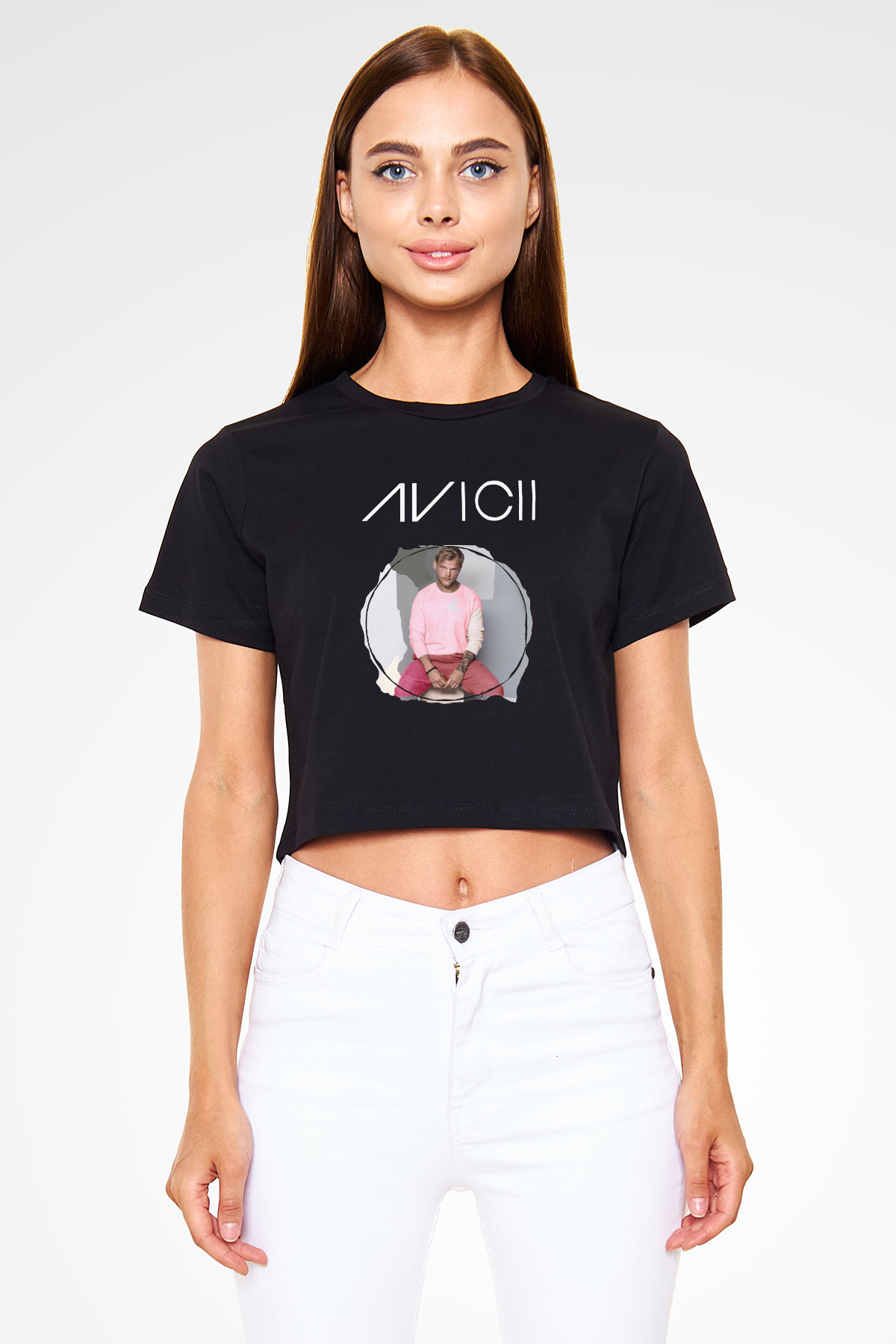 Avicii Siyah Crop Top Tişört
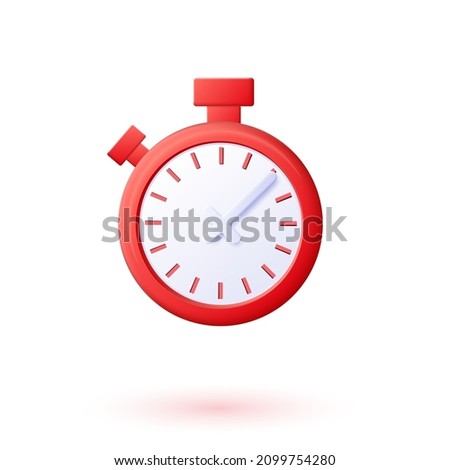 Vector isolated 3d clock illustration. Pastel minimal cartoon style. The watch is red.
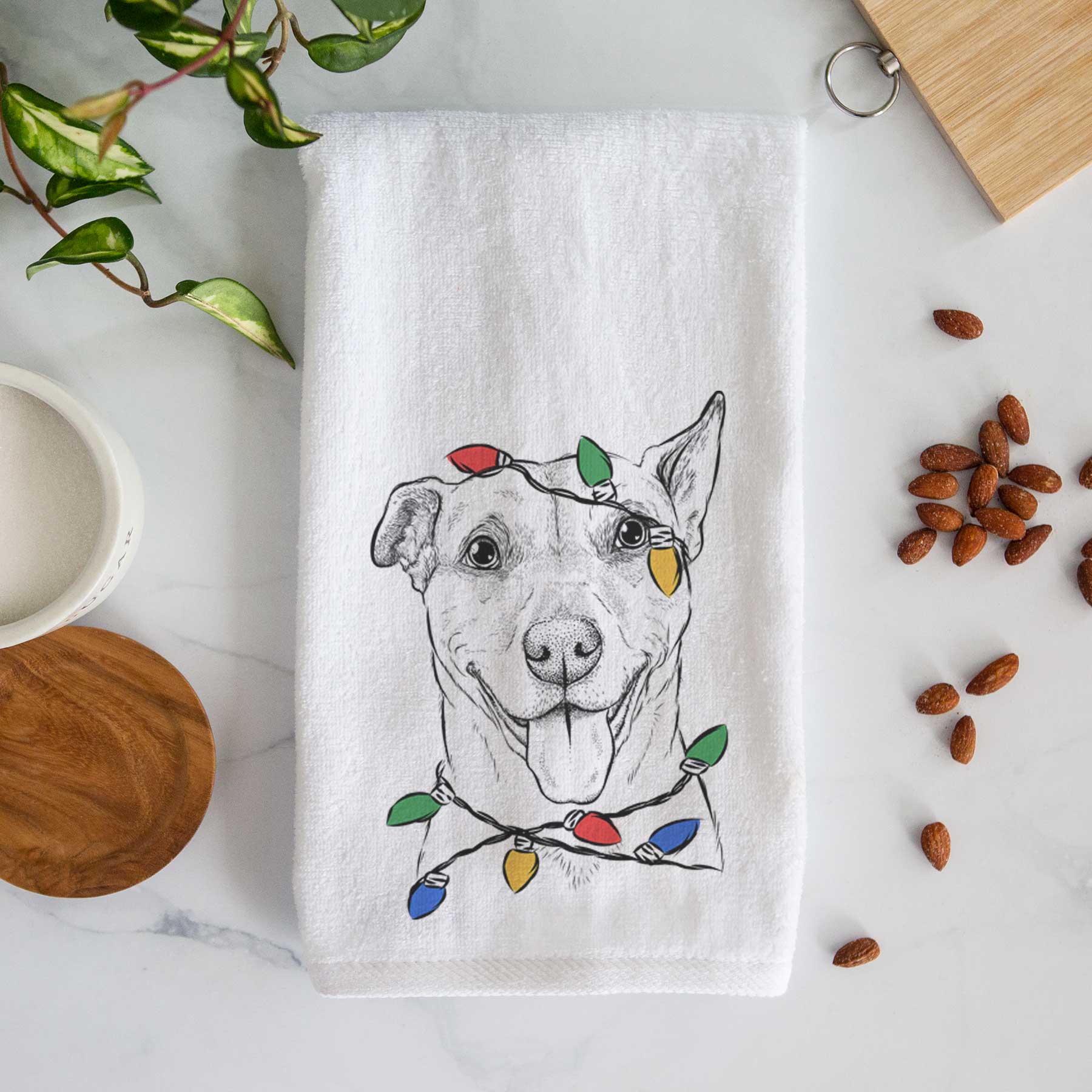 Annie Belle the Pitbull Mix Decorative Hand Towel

▶ **Exercise aim**
Return the listing unchanged, but drop every picture.

▶ **Answer to this problem**
 Avicii Siyah Crop Top Tişört
 Vector isolated 3d clock illustration. Pastel minimal cartoon style. The watch is red.
 Annie Belle the Pitbull Mix Decorative Hand Towel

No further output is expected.